On the way down I racked my brain for a story idea. Failing, I tried a device I sometimes used. I opened a book at random and then tried free association, beginning with whatever I saw. The book I had with me was a collection of the Gilbert and Sullivan plays. I opened it to Iolanthe—to the picture of the Fairy Queen throwing herself at the feet of Private Willis, the sentry. Thinking of sentries, I thought of soldiers, of military empires, of the Roman Empire—of the Galactic Empire—aha!

For reasons that I’ll discuss below, I’m reasonably sure that the illustration that Asimov describes is the one reproduced above, which was drawn by the lyricist W.S. Gilbert himself. And what strikes me the most about this anecdote now is the fact that Asimov looked at this particular picture, ignored the Fairy Queen entirely, and turned it into a series in which no women of any consequence would appear for years. To make a slightly facetious comparison, if I were a therapist giving Asimov the Thematic Apperception Test, in which the subject is asked to look at a picture and make up a story about it, this is the point at which I would sit up slightly in my chair.

Recently, it occurred to me to try to figure out which book Asimov was carrying on the train that day, if only because it’s interesting to dig into what a writer might have been reading at a given moment. The great model here is John Livingston Lowes’s The Road to Xanadu, which obsessively connects the imagery of “Kubla Khan” and “The Rime of the Ancient Mariner” to the travel narratives that Samuel Coleridge was studying at the time. Asimov, it’s worth noting, was skeptical of Lowes’s approach:

I tried reading the book in my youth, but gave up. It could only interest another Coleridge scholar. Besides, I saw no point to it. Granted that the phrases already existed scattered through a dozen books, they existed for everybody. It was only Coleridge who thought of putting them together, with the necessary modifications, to form one of the great poems of the English language. Coleridge might not have been a hundred percent original but he was original enough to make the poem a work of genius.

But this kind of search can be diverting in itself, and it didn’t take me long to conclude that Asimov’s book was likely to have been Plays and Poems of W.S. Gilbert, which was published by Random House in 1932. As far as I can tell, it’s one of only two books available at the time that included both the lyrics to Iolanthe and the illustrations by Gilbert, and it would have been easy to find. (The other is a book titled Authentic Libretti of the Gilbert and Sullivan Operas, which was published a few years later to coincide with a tour by the D’Oyly Carte Opera Company, and it doesn’t look like something that Asimov would have brought on the subway.)
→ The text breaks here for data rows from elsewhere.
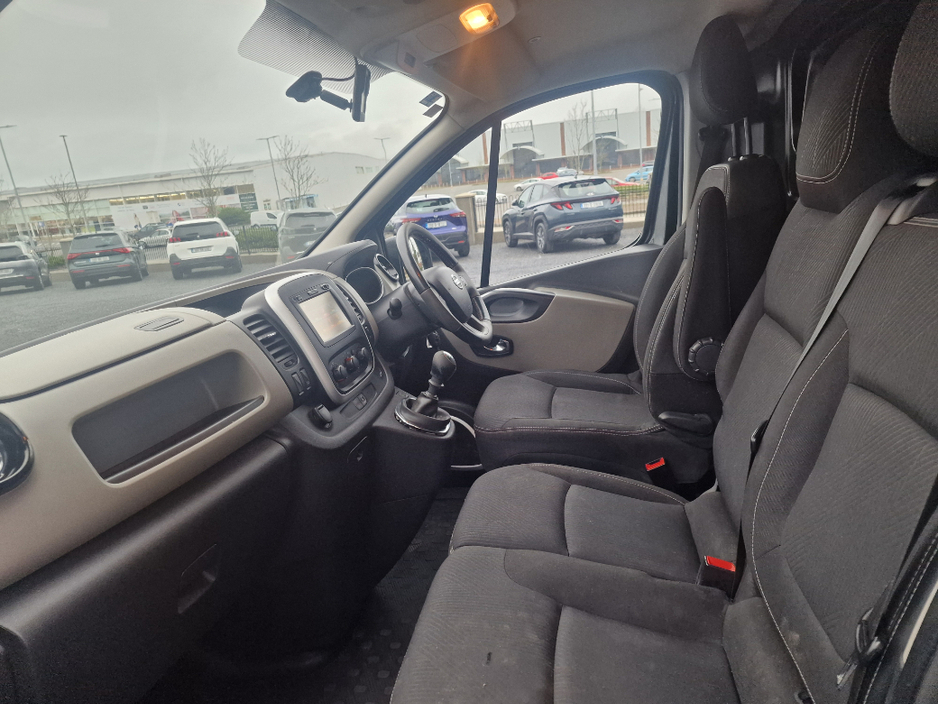 2018 Nissan NV300 - image 15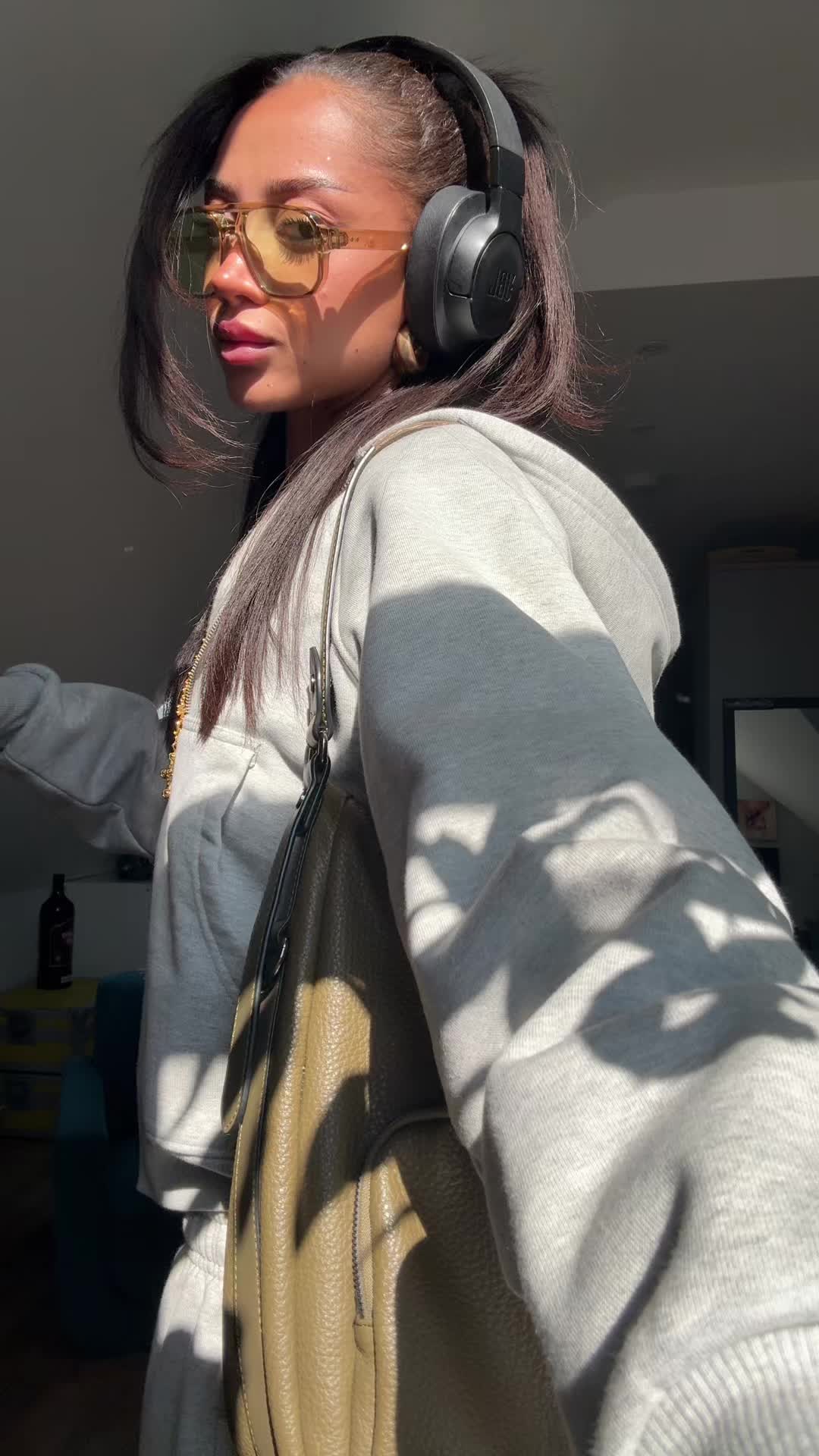 @Ell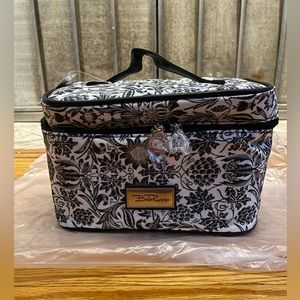 Bella Russo Black/White Cosmetic Bag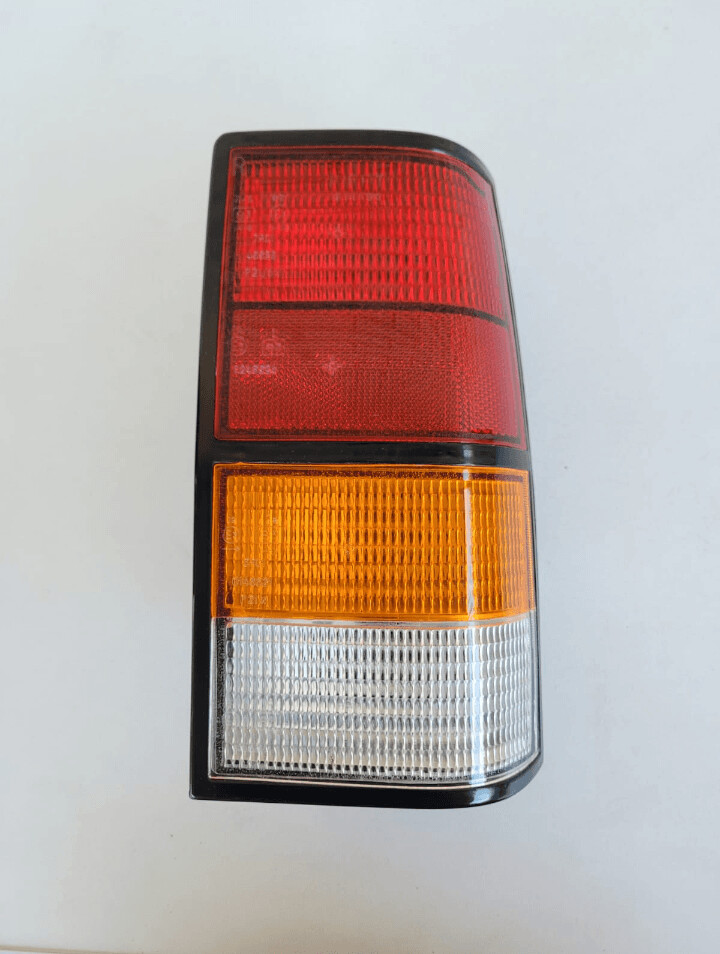 Piloto trasero derecho OPEL CORSA A (con portalamparas)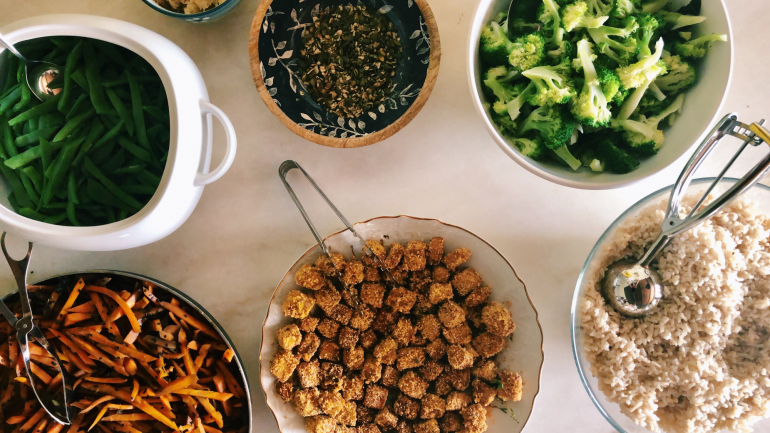 Uma dos almoços saudáveis e com inspiração macrobiótica: arroz integral, legumes escaldados, tempeh frito, sementes e chucrute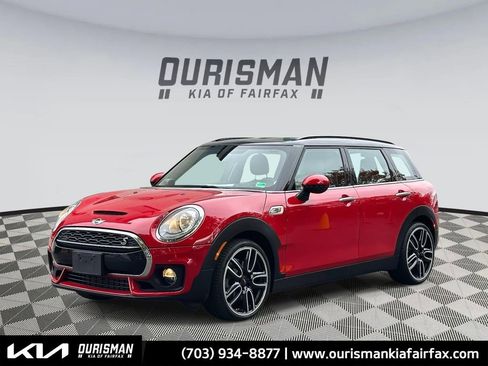 Used 2017 MINI Cooper Clubman S image 1
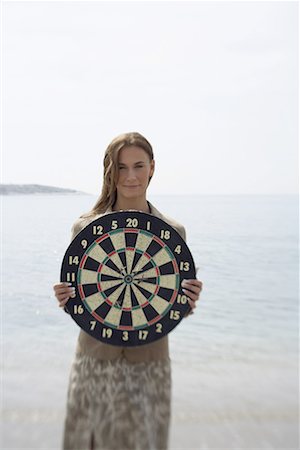 fléchettes (jeu) - Femme d'affaires sur la plage avec jeu de fléchettes Photographie de stock - Premium Libres de Droits, Code: 644-01631130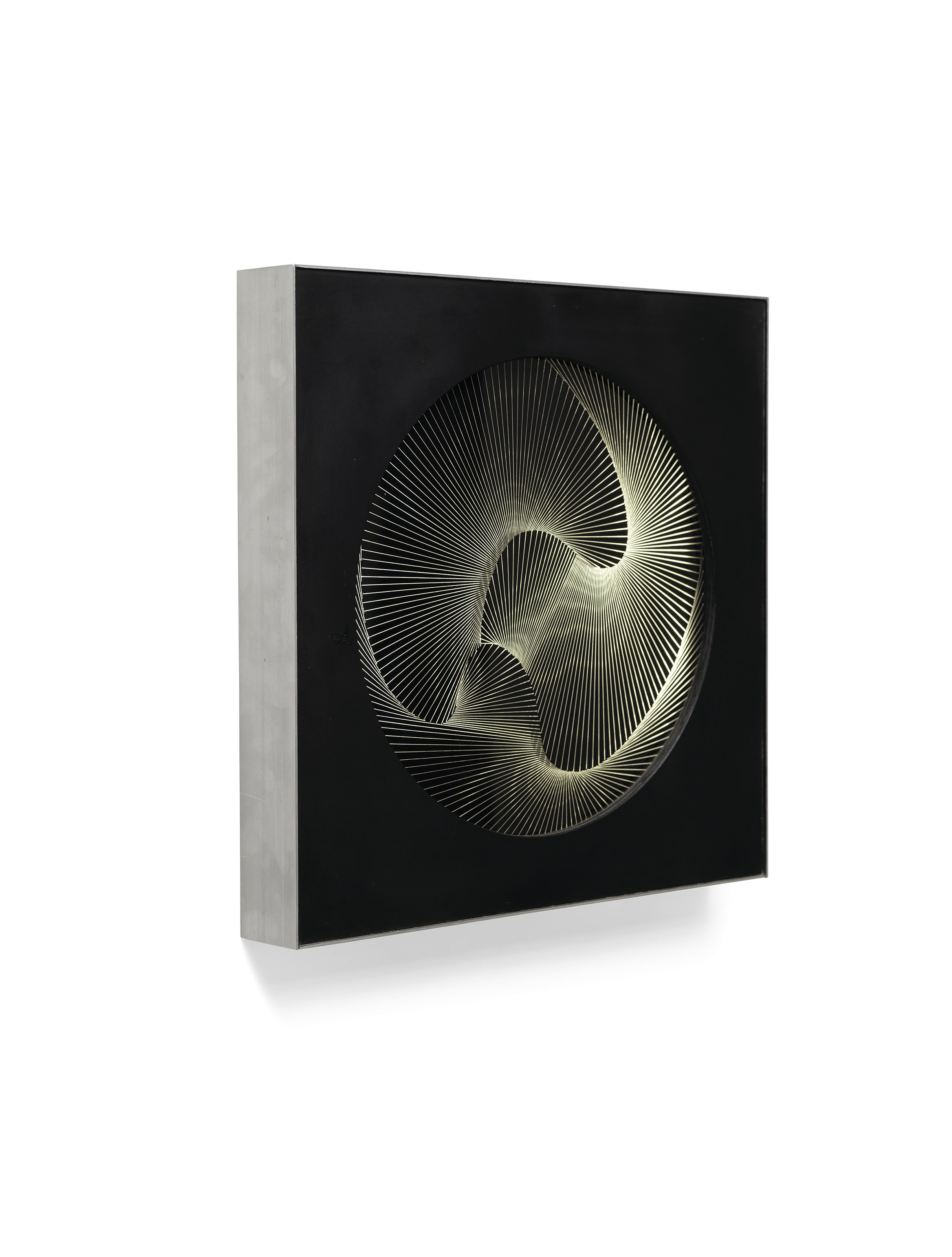 Artwork by Angel Duarte, V 35, Made of neon, plexiglas, wood, aluminium and electric system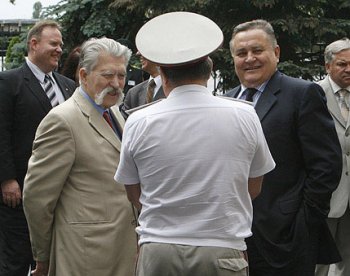 Кто там в «УДАРе» идет? Как главный по СБУ Наливайченко вместе с послом  США  Тэйлором чествовал молодых  контразведчиков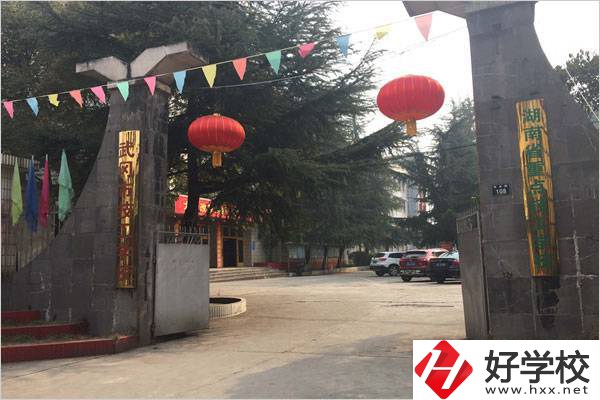 武岡技工學(xué)校怎么樣？學(xué)費(fèi)要多少？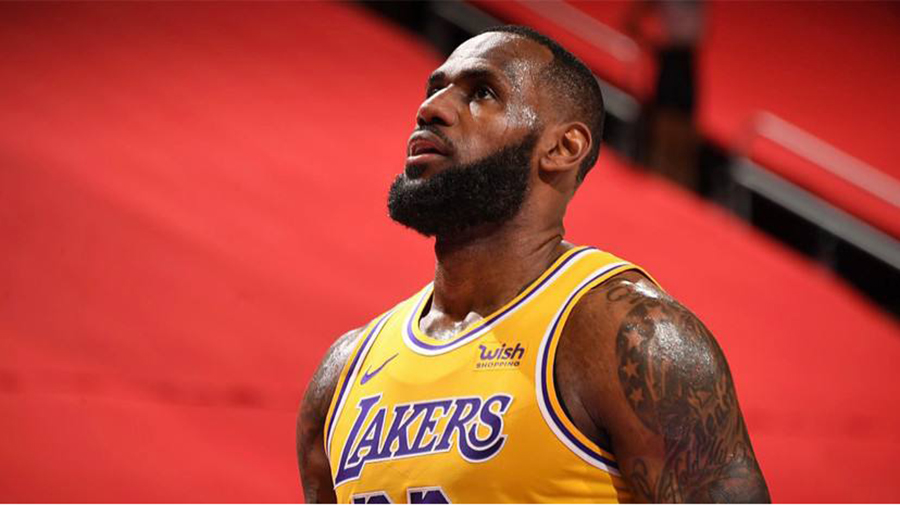 NBA今日五大热点新闻排行榜：球星动态、交易传闻、比赛结果等最新资讯汇总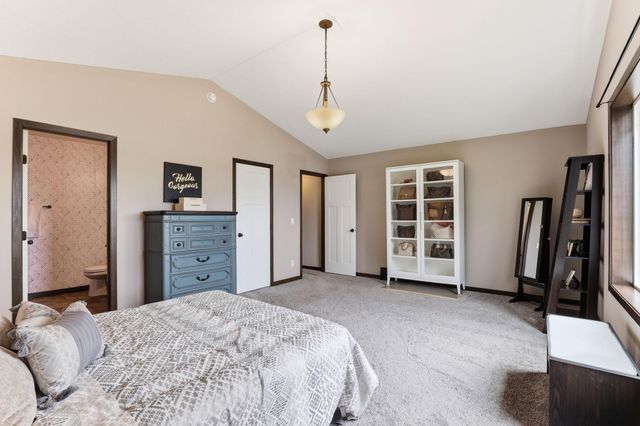 1522 35th Avenue SW, Cambridge, MN 55008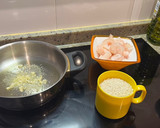 Foto del paso 1 de la receta: Arroz cremoso de gamba y salteado de champiñones en crema de espinacas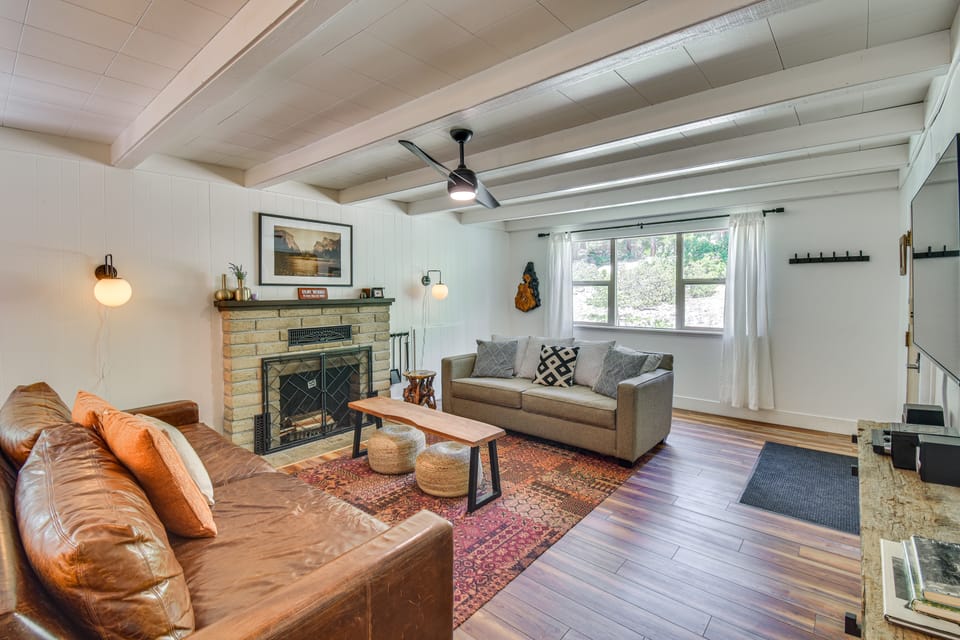 Cozy Retreat w/ Deck ~ 2 Mi to Pinecrest Lake! House in Tuolumne County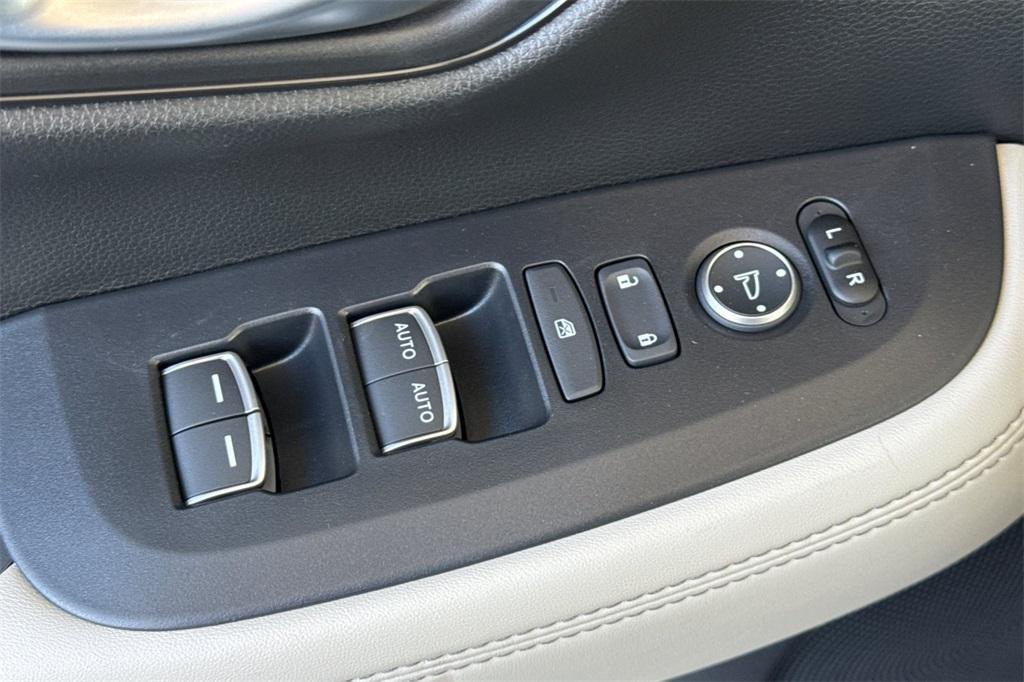 new 2026 Honda HR-V car, priced at $32,251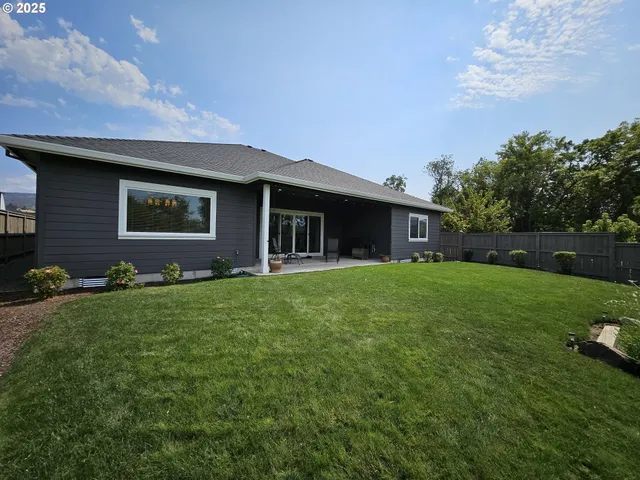 $739,000 | 436 Montana Way, Medford, OR 97504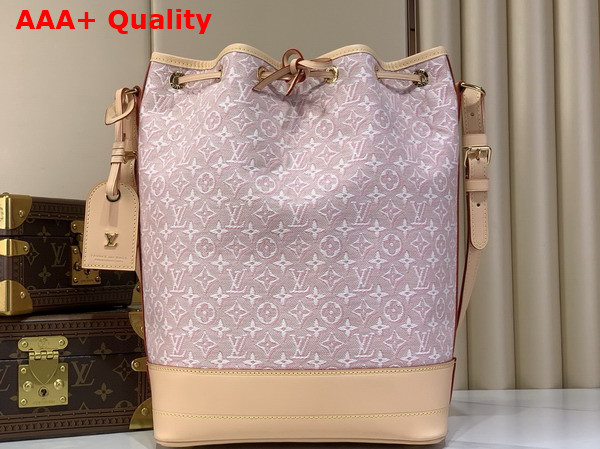 Louis Vuitton Noe Handbag in Monogram Embleme Rose Ruban Jacquard Textile M28714 Replica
The edition, as it happens, is available online for free, and it can be amusing to left through it while keeping the young Asimov in mind. This isn’t literary criticism, exactly, but a kind of scholarly reverie, and it’s valuable primarily for the chain of associations that it evokes. The book opens with a lengthy introduction by Deems Taylor, a music critic and occasional member of the Algonquin Round Table, and I’d like to think that Asimov would have seen aspects of himself in it. For example, here’s Taylor on Gilbert’s early years as a writer:

For a time, his writings, although voluminous, attracted no attention whatsoever. He tried everything—reporting, dramatic criticism, editorials, weekly news letters to provincial papers, political polemics, essays—all the forms of quotidian literature that flow from the pen of any young person who vaguely “wants to write” (a sentence that, appropriately, has no object). The results were financially negligible. Nor did he have the meagre satisfaction of knowing that there were those who were watching him, believing in him. Nobody was watching a young journalistic hack who was no different from scores of his fellows except that he combined a gift for saying cutting things with a complete inability to refrain from saying them.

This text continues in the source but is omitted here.